In a press release from Topeka, Kansas, the state Commissioner for insurance has urged the state’s residents to look into long-term care insurance as they struggle to get out of economic hardships. Most Kansans are currently looking at funding for future financial obligations such as saving for retirement rather than saving for short term needs. The Commissioner reiterated the fact that almost 6 out of 10 Kansans will need long term-care at one point in their lives. The advances in medicine and health care provision have helped people to live longer than they did before which makes it imperative to save for the future. The need for long term care insurance will depend on one’s income and potential risk factors, the Commissioner added. He reminded the state residents to ensure that the long-term care insurance policies they purchase strictly adhere to the standards set by the National Association of Insurance Commissioners (NAIC). A few of the standards include:
- A minimum of 1 year nursing home or home care coverage
- Ensure that the policy covers for Alzheimer’s disease should it occur after buying the policy
- Protection against inflation by allowing the policyholder to increase the initial benefit level automatically every year.

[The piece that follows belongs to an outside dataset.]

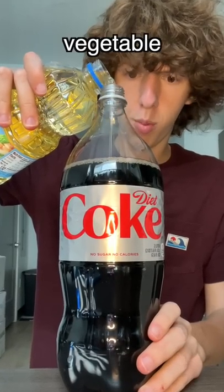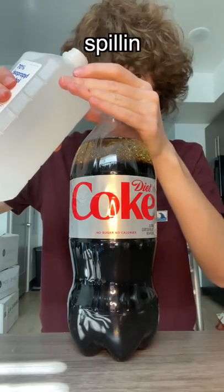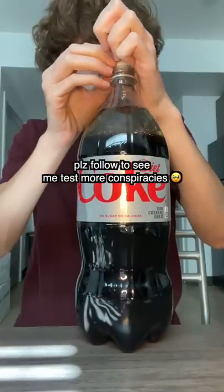Pour in a layer of the vegetable oil, rubbing alcohol. Oh, I'm spilling. Let's drop the Mentos in. Help.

- A non-cancellation and non-renewal guarantee.
- 30 day refund guarantee.
The Commissioner advised Kansans that with such guarantees they should also look into ways of protecting their assets for the sake of their heirs. One of the initiatives established to this effect by the Kansas Insurance Department three years ago is the Kansas Partnership for Long-Term Care which encourages Kansans to partner with it in their efforts to purchase long-term care insurance policies. Qualified partnership in long-term care insurance will be beneficial to Kansans as they will be able to determine how and where to receive assisted care with ease. Should the policy run out their assets will still be protected by applying for Medicaid services. The Commissioner encouraged Kansans to explore such plans in their quest for long-term care needs. The partnership plan promotes personal responsibility by emphasizing on financial planning. There are currently 8,350 Kansas partnership policies in which close to 93% of policyholders are aged below 70 years.